A subject will be excluded from participating in this trial for any of the following reasons:

Has undergone stabilization and/or fusion procedure at the index or adjacent levels.
Will undergo vertebroplasty or kyphoplasty procedure during surgery.
Has been diagnosed with cauda equina syndrome.
Has been previously diagnosed with clinically significant peripheral neuropathy.
Has any degree of permanent neurologic deficit due to the presenting spinal disease (e.g. drop foot or gait deficit).
Has obesity defined by BMI greater than or equal to 35kg/m2.
Has documented allergy to the materials that will be used in the surgical or any imaging procedure (e.g. titanium alloys, cobalt-chromium-molybdenum alloys and PMMA Fenestrated Screw Cement, contrast medium)

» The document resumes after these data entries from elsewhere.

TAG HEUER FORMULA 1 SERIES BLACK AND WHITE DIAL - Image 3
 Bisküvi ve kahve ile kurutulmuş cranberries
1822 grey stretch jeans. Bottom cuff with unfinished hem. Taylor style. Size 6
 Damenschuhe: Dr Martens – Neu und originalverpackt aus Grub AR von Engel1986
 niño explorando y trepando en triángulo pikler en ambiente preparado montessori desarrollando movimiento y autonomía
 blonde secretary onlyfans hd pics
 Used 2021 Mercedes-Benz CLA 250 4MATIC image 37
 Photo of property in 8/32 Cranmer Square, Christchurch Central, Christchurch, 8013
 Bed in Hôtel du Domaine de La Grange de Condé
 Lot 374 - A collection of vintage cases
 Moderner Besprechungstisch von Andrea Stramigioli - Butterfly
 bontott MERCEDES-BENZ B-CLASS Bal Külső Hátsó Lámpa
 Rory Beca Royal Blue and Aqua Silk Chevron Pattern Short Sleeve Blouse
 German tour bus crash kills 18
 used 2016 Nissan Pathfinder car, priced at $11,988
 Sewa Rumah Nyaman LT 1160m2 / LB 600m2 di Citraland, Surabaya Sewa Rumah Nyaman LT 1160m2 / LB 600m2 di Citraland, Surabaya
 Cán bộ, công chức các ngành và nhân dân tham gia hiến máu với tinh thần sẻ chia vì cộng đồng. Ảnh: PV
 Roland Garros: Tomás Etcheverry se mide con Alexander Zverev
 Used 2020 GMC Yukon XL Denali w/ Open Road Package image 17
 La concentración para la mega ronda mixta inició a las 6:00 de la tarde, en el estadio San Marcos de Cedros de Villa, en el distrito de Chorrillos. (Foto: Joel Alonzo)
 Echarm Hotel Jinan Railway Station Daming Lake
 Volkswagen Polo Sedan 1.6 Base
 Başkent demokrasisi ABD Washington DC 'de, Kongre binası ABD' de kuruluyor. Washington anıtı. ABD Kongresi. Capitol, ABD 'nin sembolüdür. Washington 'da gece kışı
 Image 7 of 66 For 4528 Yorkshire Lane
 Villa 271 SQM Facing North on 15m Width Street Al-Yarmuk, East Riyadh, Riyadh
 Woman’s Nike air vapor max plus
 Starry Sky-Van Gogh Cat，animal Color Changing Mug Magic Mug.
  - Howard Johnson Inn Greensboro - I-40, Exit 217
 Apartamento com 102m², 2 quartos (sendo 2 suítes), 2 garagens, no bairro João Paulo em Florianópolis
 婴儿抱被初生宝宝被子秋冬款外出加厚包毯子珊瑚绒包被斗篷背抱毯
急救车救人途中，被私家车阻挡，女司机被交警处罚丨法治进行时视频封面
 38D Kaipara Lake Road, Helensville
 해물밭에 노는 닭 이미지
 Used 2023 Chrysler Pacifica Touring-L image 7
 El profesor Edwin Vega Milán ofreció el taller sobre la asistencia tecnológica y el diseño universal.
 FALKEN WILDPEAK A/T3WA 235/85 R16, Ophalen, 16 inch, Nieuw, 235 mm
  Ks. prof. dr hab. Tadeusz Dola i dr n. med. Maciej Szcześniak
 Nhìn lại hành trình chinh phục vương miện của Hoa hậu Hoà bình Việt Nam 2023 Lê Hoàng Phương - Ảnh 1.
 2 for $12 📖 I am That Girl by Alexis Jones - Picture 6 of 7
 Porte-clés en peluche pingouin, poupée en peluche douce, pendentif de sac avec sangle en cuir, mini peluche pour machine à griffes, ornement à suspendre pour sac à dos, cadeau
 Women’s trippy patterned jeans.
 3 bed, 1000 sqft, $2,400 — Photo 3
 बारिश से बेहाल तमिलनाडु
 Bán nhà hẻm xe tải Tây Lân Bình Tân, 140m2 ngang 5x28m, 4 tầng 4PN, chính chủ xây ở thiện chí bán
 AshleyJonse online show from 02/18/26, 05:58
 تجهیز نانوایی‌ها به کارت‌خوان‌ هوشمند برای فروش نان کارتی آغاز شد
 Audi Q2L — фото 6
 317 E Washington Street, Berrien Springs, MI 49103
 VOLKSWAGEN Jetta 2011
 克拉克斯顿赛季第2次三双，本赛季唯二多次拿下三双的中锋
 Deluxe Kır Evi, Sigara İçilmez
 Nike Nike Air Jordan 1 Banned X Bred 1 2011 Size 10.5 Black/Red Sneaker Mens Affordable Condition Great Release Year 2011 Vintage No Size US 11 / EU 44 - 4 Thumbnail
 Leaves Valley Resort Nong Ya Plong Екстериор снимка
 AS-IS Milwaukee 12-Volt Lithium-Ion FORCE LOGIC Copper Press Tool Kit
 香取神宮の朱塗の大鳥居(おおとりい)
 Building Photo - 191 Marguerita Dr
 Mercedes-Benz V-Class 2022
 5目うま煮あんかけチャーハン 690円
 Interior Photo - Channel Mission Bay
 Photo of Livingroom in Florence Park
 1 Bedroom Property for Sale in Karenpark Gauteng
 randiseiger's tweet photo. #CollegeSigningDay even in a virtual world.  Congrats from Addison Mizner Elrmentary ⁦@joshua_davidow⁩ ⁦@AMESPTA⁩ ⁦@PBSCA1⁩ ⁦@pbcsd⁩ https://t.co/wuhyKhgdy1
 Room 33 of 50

Has overt or active bacterial infection, local or systemic, and/or potential for bacteremia.
Has a non-correctable spontaneous or therapeutic coagulation disorder or history of coagulation disorder associated with bleeding.
Has evolutive cardiac disease (e.g. symptomatic congestive heart failure, unstable angina pectoris, cardiac arrhythmia) nonreactive to medical treatment.
Has any disease (e.g., neuromuscular disease, etc.) that would preclude the potential benefit and/or accurate clinical evaluation of the safety of the spinal implant surgery.
Is pregnant or planning to become pregnant during the study duration.
Is illiterate or considered vulnerable as per the Investigator's assessment (e.g., participants incapable of judgment, or participants under tutelage).
Concurrent participation in another clinical study that may add additional safety risks and/or confound study results*.